* Task to carry out
Exactly as they stand, repeat the lines from the one containing "Big flowers in gold 3 Art Print" through the final line of the listing, both ends included, and nothing else; skip the pictures.

* Available records
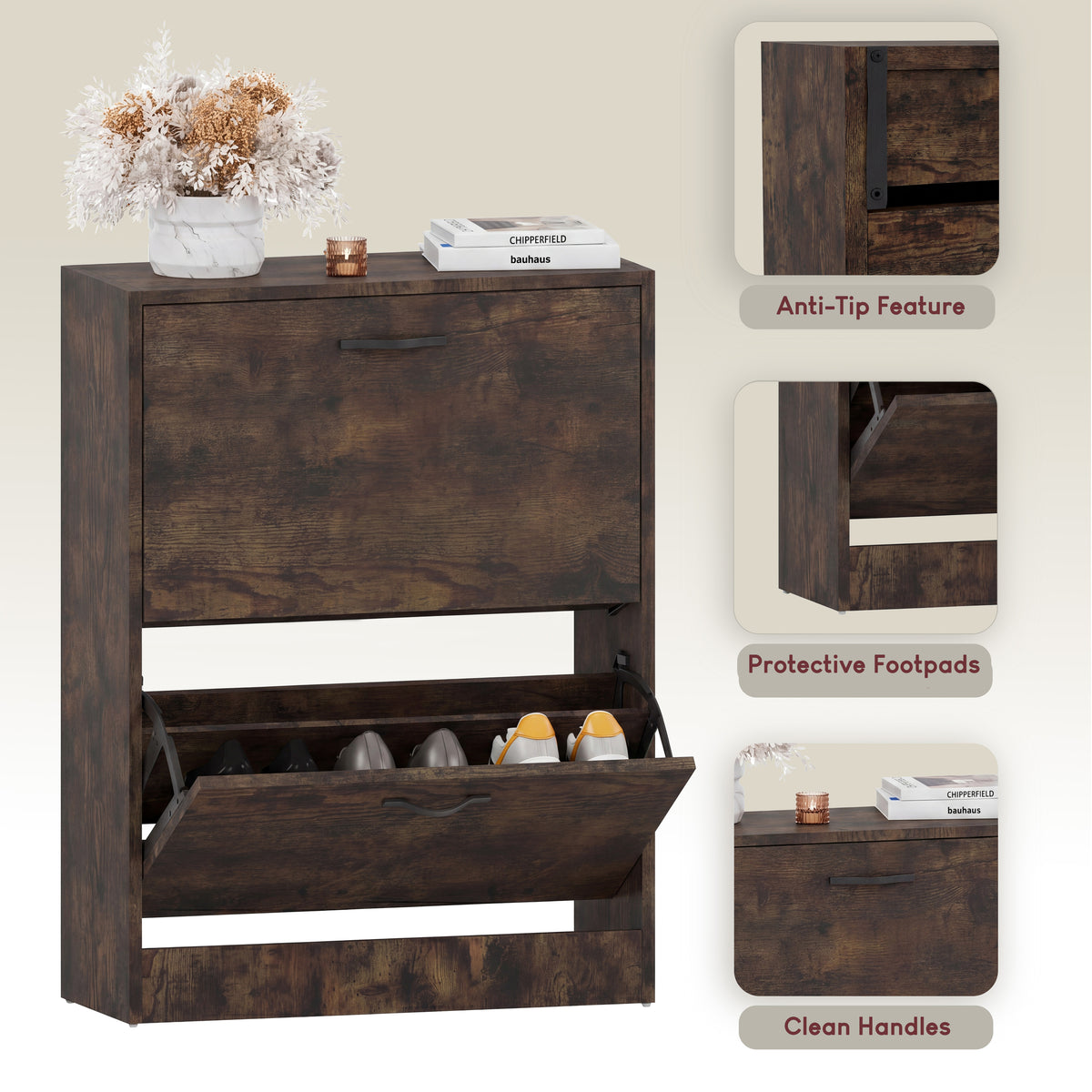 2-Drawer Shoe Cabinet, Dark Wood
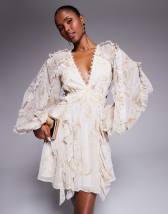 Love Triangle milkmaid mini dress with tie detail in apricot floral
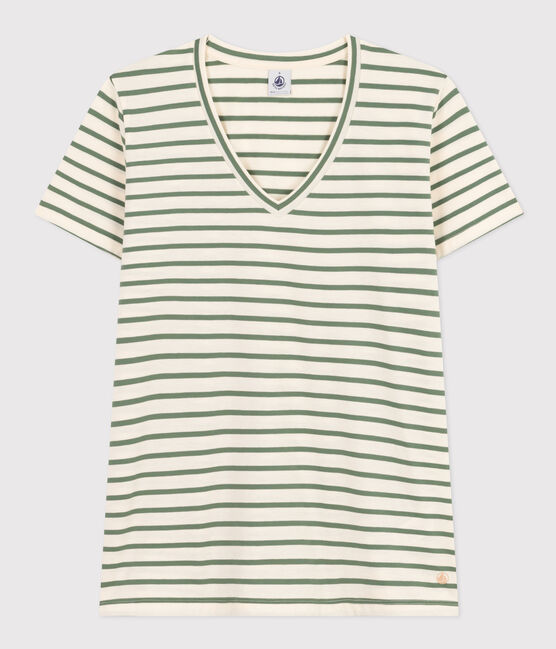 Women's The Straight V-Neck Striped Cotton T-Shirt AVALANCHE /CROCO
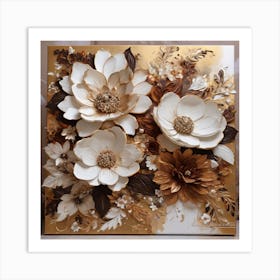 Big flowers in gold 3 Art Print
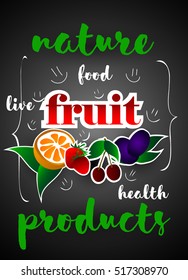 Vector illustration. Icons of fruit: cherry, strawberry, orange, plum. Stylish design for your products.Cartoon fruits and berrys.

* Completed task
 Big flowers in gold 3 Art Print
 Vector illustration. Icons of fruit: cherry, strawberry, orange, plum. Stylish design for your products.Cartoon fruits and berrys.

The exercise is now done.